[SOURCE MATERIAL — start]

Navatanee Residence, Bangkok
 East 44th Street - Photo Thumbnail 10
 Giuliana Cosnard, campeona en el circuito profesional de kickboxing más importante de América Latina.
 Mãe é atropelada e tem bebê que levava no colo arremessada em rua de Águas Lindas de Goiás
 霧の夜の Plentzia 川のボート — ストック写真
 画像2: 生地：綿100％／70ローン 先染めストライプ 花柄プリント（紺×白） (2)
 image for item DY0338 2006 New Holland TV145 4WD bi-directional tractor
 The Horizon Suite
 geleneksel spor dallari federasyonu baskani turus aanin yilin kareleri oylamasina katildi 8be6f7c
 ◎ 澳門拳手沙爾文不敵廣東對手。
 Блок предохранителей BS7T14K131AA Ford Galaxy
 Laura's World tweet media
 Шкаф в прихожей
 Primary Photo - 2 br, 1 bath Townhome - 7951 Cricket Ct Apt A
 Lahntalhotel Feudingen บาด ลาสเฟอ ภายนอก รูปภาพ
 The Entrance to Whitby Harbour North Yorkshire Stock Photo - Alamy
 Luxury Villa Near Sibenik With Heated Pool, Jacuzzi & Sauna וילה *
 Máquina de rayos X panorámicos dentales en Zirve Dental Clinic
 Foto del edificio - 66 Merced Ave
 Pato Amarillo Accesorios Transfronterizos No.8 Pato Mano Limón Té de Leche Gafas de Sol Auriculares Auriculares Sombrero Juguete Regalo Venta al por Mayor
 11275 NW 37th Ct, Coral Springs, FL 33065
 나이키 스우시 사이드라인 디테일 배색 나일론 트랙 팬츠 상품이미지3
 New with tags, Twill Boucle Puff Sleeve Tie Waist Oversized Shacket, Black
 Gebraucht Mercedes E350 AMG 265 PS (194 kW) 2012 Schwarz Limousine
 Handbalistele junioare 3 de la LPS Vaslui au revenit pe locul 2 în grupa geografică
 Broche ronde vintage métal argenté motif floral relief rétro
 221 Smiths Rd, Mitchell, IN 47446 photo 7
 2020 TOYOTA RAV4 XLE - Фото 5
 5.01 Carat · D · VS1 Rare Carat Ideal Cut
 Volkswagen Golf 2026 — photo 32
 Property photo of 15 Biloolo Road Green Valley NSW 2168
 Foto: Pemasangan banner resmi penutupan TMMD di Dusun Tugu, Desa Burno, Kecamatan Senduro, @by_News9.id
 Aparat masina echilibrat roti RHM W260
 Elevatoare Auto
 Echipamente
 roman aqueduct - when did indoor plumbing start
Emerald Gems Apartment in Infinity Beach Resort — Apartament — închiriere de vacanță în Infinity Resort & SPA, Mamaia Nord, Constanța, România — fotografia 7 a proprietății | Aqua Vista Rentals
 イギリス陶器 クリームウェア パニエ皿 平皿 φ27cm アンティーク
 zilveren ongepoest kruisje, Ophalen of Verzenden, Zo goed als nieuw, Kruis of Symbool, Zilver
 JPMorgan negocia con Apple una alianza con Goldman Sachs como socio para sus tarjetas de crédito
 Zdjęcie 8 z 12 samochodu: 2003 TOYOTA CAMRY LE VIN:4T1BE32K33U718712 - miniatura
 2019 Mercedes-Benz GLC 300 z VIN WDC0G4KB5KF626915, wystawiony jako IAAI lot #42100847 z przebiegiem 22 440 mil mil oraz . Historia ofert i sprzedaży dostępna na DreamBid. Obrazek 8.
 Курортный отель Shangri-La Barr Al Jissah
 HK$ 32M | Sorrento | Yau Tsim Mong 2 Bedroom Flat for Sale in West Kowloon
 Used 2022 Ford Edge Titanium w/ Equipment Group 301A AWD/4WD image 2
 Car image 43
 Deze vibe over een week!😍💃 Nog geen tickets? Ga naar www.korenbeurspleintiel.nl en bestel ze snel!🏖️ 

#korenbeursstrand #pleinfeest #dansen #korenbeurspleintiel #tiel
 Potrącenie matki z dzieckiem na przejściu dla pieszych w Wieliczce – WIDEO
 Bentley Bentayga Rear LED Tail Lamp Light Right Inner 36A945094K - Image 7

[SOURCE MATERIAL — finish]

#### PROMPT:
Lines from the start of the material through the line containing "The Horizon Suite" are wanted. Write them out exactly.

#### ANSWER SECTION:
Navatanee Residence, Bangkok
 East 44th Street - Photo Thumbnail 10
 Giuliana Cosnard, campeona en el circuito profesional de kickboxing más importante de América Latina.
 Mãe é atropelada e tem bebê que levava no colo arremessada em rua de Águas Lindas de Goiás
 霧の夜の Plentzia 川のボート — ストック写真
 画像2: 生地：綿100％／70ローン 先染めストライプ 花柄プリント（紺×白） (2)
 image for item DY0338 2006 New Holland TV145 4WD bi-directional tractor
 The Horizon Suite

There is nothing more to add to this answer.